* [Dataset content]
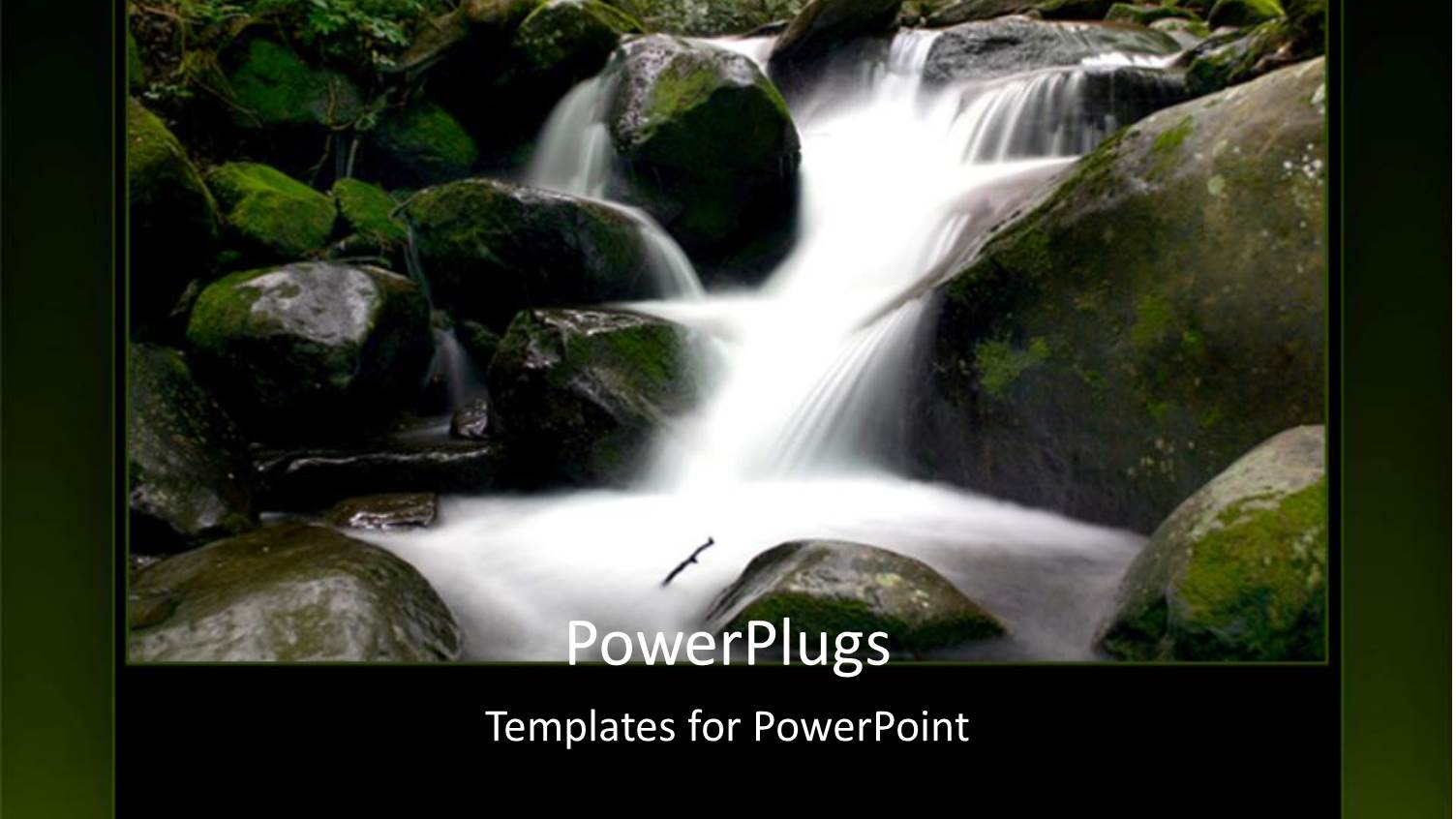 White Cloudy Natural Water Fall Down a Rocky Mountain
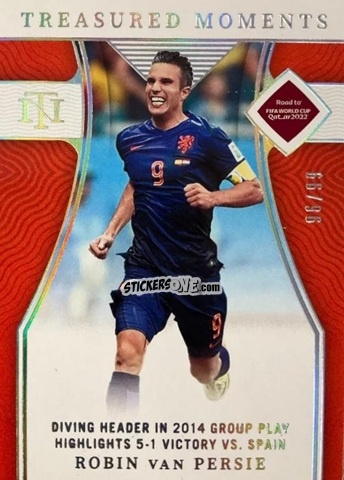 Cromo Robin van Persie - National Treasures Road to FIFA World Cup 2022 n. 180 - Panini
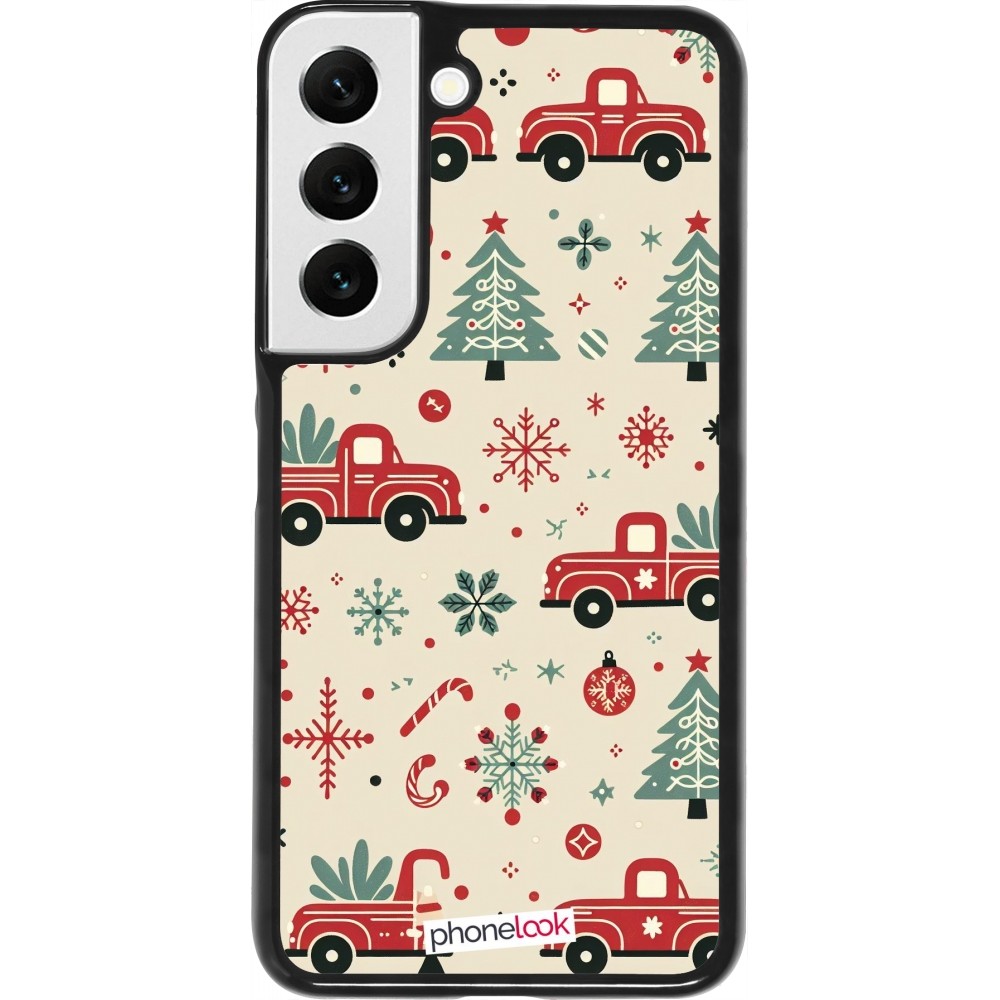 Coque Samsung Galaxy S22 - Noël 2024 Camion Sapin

* [Work to be completed] Reproduce the whole listing above word for word, dropping each image.

* [Your response]
 White Cloudy Natural Water Fall Down a Rocky Mountain
 Cromo Robin van Persie - National Treasures Road to FIFA World Cup 2022 n. 180 - Panini
 Coque Samsung Galaxy S22 - Noël 2024 Camion Sapin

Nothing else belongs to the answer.